Shares of London-listed RPC fell 3.7 percent, erasing most of the 5 percent gain it has made since reports of merger talks appeared in September.
Asked by Reuters for more details on the reasons for the collapse of talks with Bain, the company declined to comment.
RPC, which provides packaging services to a range of products from coffee capsules to healthcare products with 188 operations in 33 countries, said last week earnings in the first half of the year had fallen 4.5 percent.
The packaging industry has seen a raft of deals this year, with Australia’s Amcor Ltd <AMC.AX> buying U.S. firm Bemis Co <BMS.N> for $5.25 billion (4.11 billion pounds) and DS Smith Plc <SMDS.L> spending about $2.2 billion to acquire Spanish rival Europac <PYCE.MC>.
RPC confirmed the merger talks in September after a Bloomberg report that it was exploring options including a sale.

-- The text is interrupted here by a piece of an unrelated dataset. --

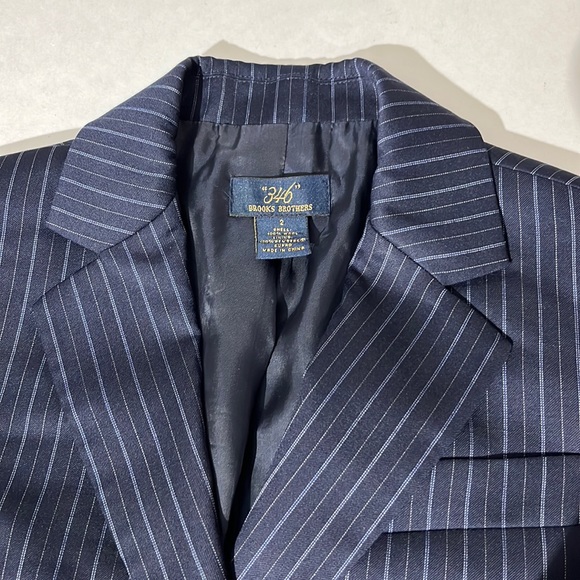 Brooks Brothers Navy Blue Pinstripe sz 2 Button Wool Blazer Jacket 346 womens - Picture 2 of 7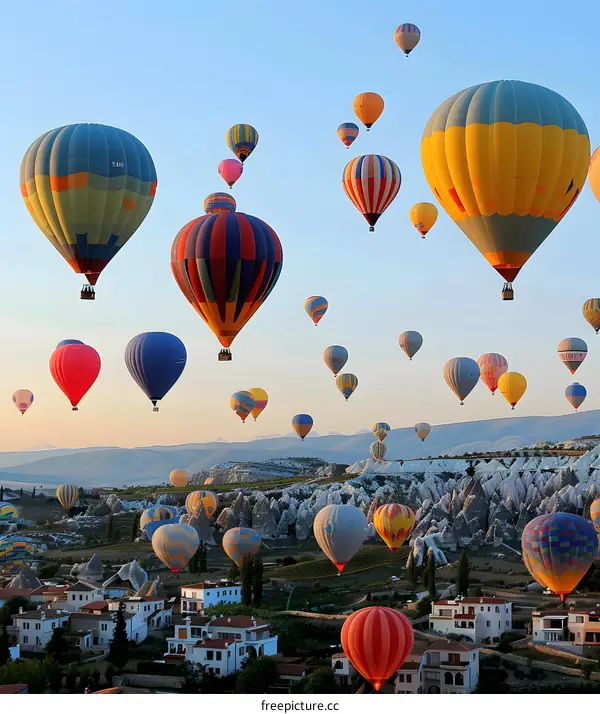 Hot Air Balloons Flying Over Cappadocia Turkey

The company had flagged in July that pressure from investors was preventing it from pursuing growth opportunities, and said it would focus on divesting non-core assets.
Private equity has long been drawn by packaging companies’ reliable cashflow and exposure to growing demand for online shopping, with a spate of takeovers by the industry’s bigger players further spurring their interest.